What to do = In the records below, print each line exactly and leave every image out.

Recorded data =
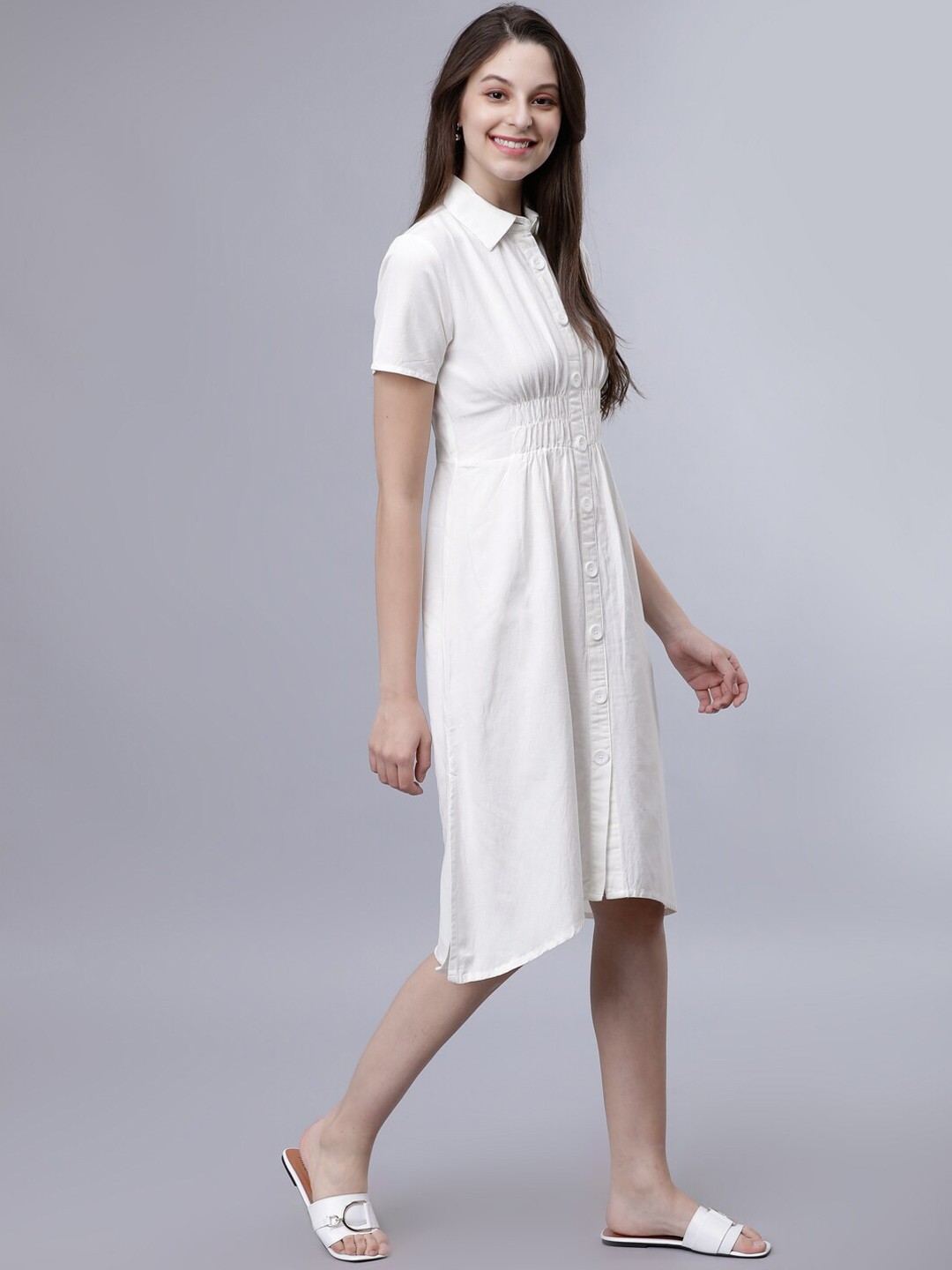 

Tokyo Talkies Women White Solid Shirt Dress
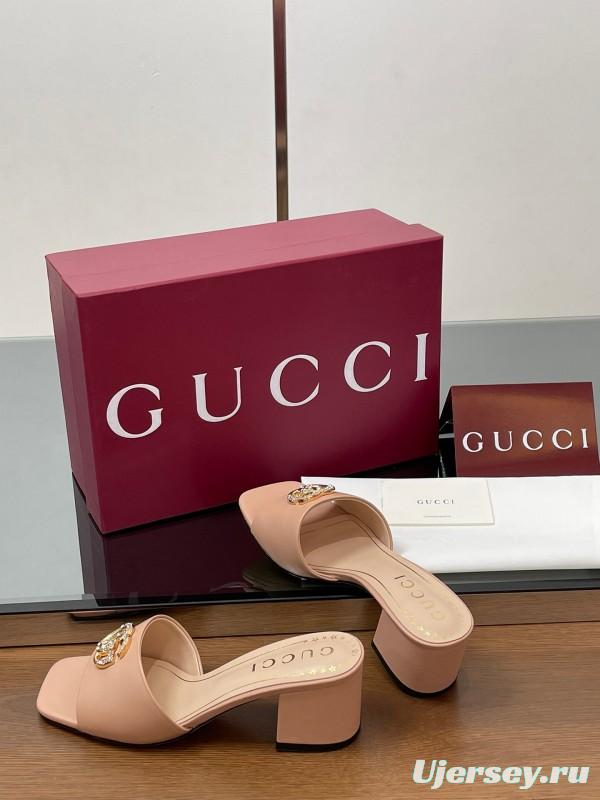 2025 Women Gucci Pink Leather Slippers GG Crystal Buckle LY00280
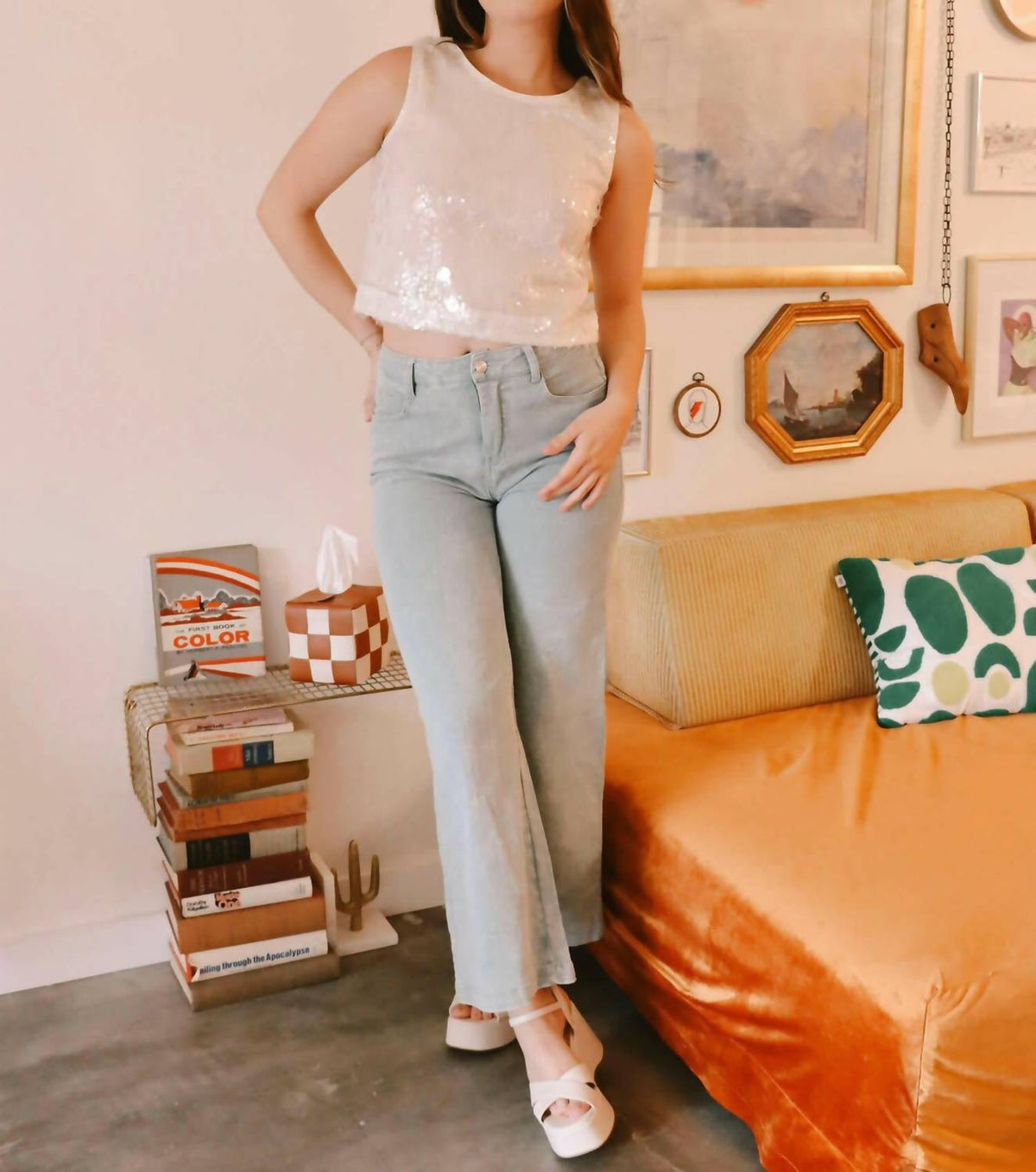 2.7 August Apparel - Finding Seashells Sequin Top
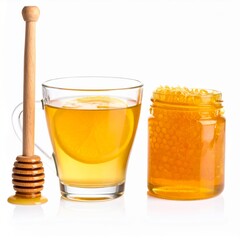 Honey, lemon tea, and honeycomb in glass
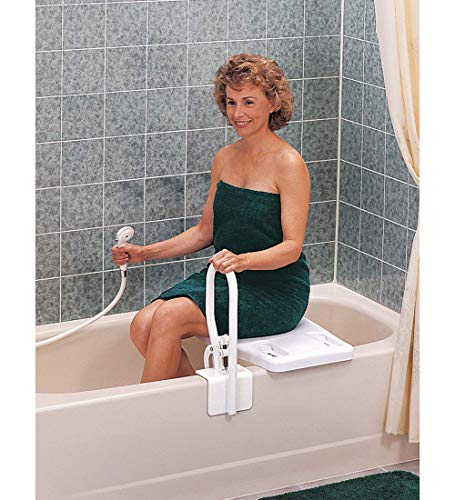 Carex White Bathtub Rail - Grab Bars for Bathroom, Bathtubs & Showers - Side Hand Grip Railing & Support - Shower Handle & Bath Tub Bar Clamps for Seniors & Elderly - style: Modern or Classic
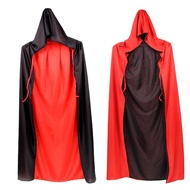 2PCS Halloween Vampire Cloak Reversible Hooded Vampire Cape for Halloween Adult Cosplay Black and Re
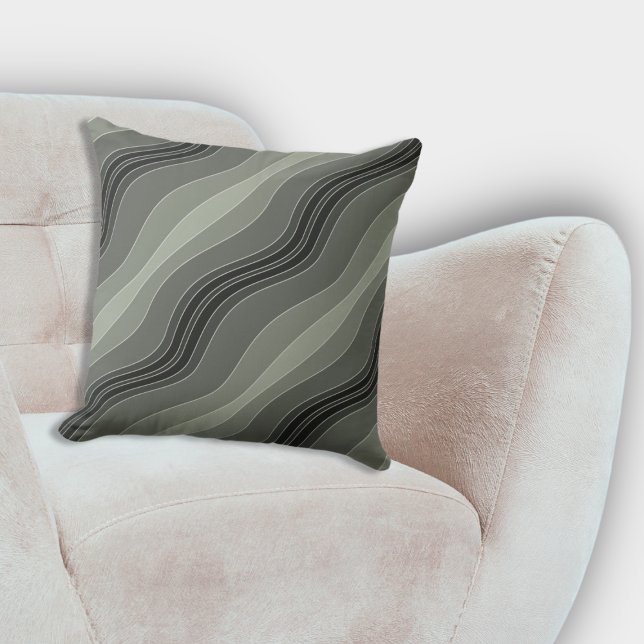 Elegant Grey Layered Lines Pattern Cushion (Elegant Grey Layered Lines Pattern Throw Pillow, Living Room)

Exercise answer =
Tokyo Talkies Women White Solid Shirt Dress
 2025 Women Gucci Pink Leather Slippers GG Crystal Buckle LY00280
 2.7 August Apparel - Finding Seashells Sequin Top
 Honey, lemon tea, and honeycomb in glass
 Carex White Bathtub Rail - Grab Bars for Bathroom, Bathtubs & Showers - Side Hand Grip Railing & Support - Shower Handle & Bath Tub Bar Clamps for Seniors & Elderly - style: Modern or Classic
 2PCS Halloween Vampire Cloak Reversible Hooded Vampire Cape for Halloween Adult Cosplay Black and Re
 Elegant Grey Layered Lines Pattern Cushion (Elegant Grey Layered Lines Pattern Throw Pillow, Living Room)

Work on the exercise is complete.